I have this test to check if MPI collective operations work with GPU RDMA and OpenMP:
int main (int argc, char *argv[]) {
MPI_Init(NULL, NULL);
int mpi_size, rank;
MPI_Comm_size (MPI_COMM_WORLD, &mpi_size);
MPI_Comm_rank (MPI_COMM_WORLD, &rank);
omp_set_default_device(rank);
size_t N =134217728 ;
int *inplace_buf = (int*)malloc(N * sizeof(int));
int *sbuf = (int*)malloc(N * sizeof(int));
int *rbuf = (int*)malloc(N * sizeof(int));
for (int i = 0; i < N; i++) {
inplace_buf[i] = rank + i;
sbuf[i] = rank + i;
rbuf[i] = 0;
}
int mpi_err;
#pragma omp target enter data map(to:sbuf[0:N],rbuf[0:N])
#pragma omp target data use_device_ptr(rbuf,sbuf)
{
mpi_err = MPI_Allreduce (sbuf, rbuf, N, MPI_INT, MPI_SUM, MPI_COMM_WORLD);
}
#pragma omp target exit data map(from:rbuf[0:N])
#pragma omp target exit data map(delete:sbuf)
if (mpi_err) {
printf ("OUT_OF_PLACE: MPI ERROR\n");
return -1;
} else {
printf ("OUT_OF_PLACE: SUCCESS\n");
}
#pragma omp target enter data map(to:inplace_buf[0:N])

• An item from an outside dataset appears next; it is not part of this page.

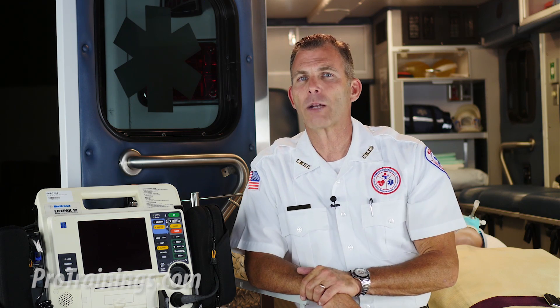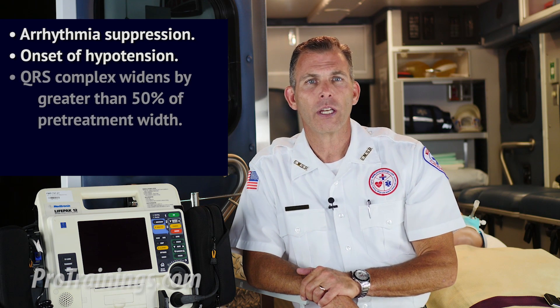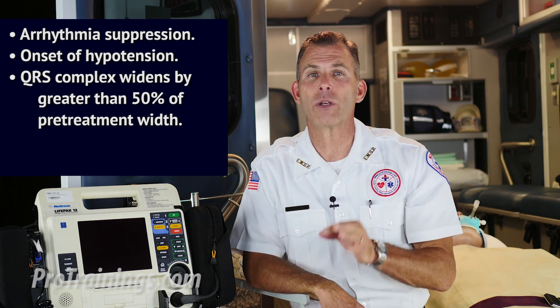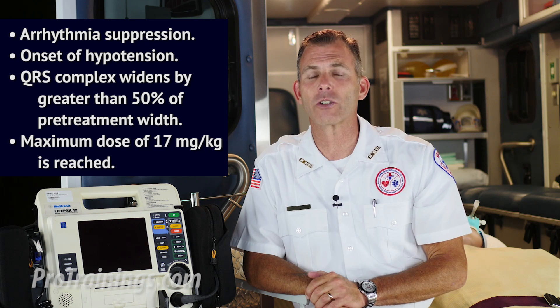Please note, the use of Procanamide should be stopped if any of the following occurs: arrhythmia suppression, onset of hypotension, QRS complex widens by greater than 50% of the pre-treatment width, or the maximum dose of 17 mg per kg is reached.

#pragma omp target data use_device_ptr(inplace_buf)
{
mpi_err = MPI_Allreduce (MPI_IN_PLACE, inplace_buf, N, MPI_INT, MPI_SUM, MPI_COMM_WORLD);
}
#pragma omp target exit data map(from:inplace_buf[0:N])
if (mpi_err) {
printf ("IN_PLACE: MPI ERROR\n");
return -1;
} else {
printf ("IN_PLACE: SUCCESS\n");
}
MPI_Finalize();
}
This test works fine with HPC SDK 23.11 and the nvhpc-hpcx-cuda12
therein. With newer versions of the SDK, especially the newest one 24.11, I do not obtain the second output for MPI_IN_PLACE
. Instead, program execution is hanging in MPI_Allreduce. To be precise, I compile like this
mpicc -mpi=gpu test.c -o test.x
and run it with two or more processes to obtain the erroneous behavior
mpirun -np 2 ./test.x
With only one rank, the test behaves fine.
Using strace
I know that the program execution hangs in an ioctl command, probably when talking to the device.

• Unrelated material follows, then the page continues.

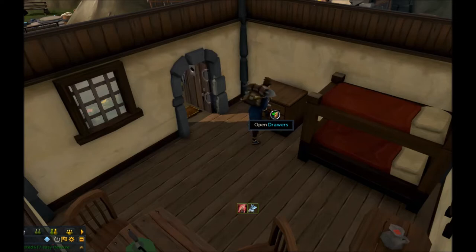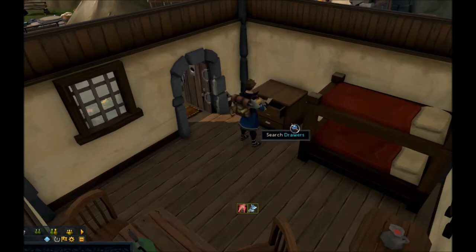There's a pair of drawers beside the bunk beds. Search them, and congratulations — there's the next step of your clue scroll.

I have suspected that the issue might originate in the mismatch between the installed CUDA version (12.4), and the one HPC SDK version 24.11 is built for (12.6). Therefore, I took the latest HPC SDK version that is built for CUDA 12.4 (24.5), and explicitly compiled using the -gpu=cuda12.4
flag. This does not resolve the issue. Neither does compiling with 23.11 and running with 24.11. Maybe the problem lies in the communication libraries?
Do you have an idea what I might be missing out on or what causes the problem?